Writing mid-December we are regularly startled by early fireworks in our village. Their backpacks filled with fireworks, young people stroll through the village and visibly enjoy the loud bangs and whistling bottle rockets. The noise can sometimes give you quite a scare.

For me, thinking about fireworks the first thing that comes to mind is the jet whiste. Though the flute is often regarded as in instrument to be played beautifully and harmoniously, the instrument has the ability to keep the audience on the edge of their seats. A jet whistle is played with a strong and forceful air thrust reminiscent of the starting of a plane. Hence the name jet whistle.

How to play the jet whistle on the flute

Cover the mouthpiece with your mouth. Make sure you can still breathe through the flute. Now blow forcefully through the flute with a strong thrust from the diaphragm. By turning the flute inward or outward a little (ensure you keep covering the mouth piece!) you can influence timbre and intonation. It helps to use the vocals ‘hò’, as in ‘hot’ and ‘ee’ as in ‘me’. Start with the ‘hò’ and quickly change to ‘ee’ whilst blowing. Thinking about playing a crescendo is also useful.

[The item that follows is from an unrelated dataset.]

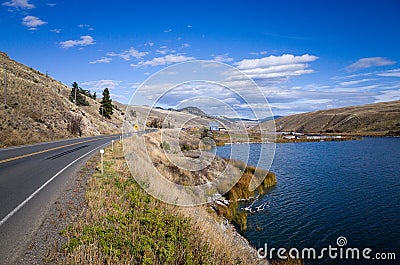 Highway skirting a scenic mountain lake Stock Photo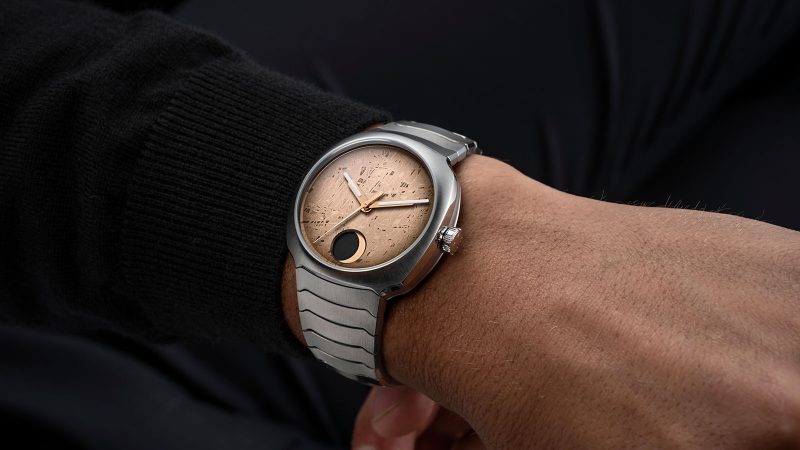 The H. Moser & Cie. Streamliner Perpetual Moon Concept Meteorite watch with a golden Gibeon meteorite dial, steel integrated bracelet, and moon phase at 6 o'clock.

Why practising a jet whistle?

The jet whistle works best when you bring about a strong air thrust with your mouth and diaphragm. That’s why practicing this technique teaches you to how to properly use the diaphragm whilst playing. The forceful thrust makes you more aware of the functioning of the diaphragm so you can use it to your advantage whilst playing a classic score as well. Try not to practise this technique for too long at a time though as it can be quite exhausting.

How to recognize a jet whistle

The notations for the jet whistle vary. Composers tend to actually write down the word ‘jet’ or ‘jet whistle’.

An example of a notation for the jet whistle.

Going out with a bang!

It could be a nice idea to play along to the young people in the village… although… I’m not a great fan of fireworks. Perhaps I can simulate a bottle rocket on the flute, so I’ll still end the year with a bang!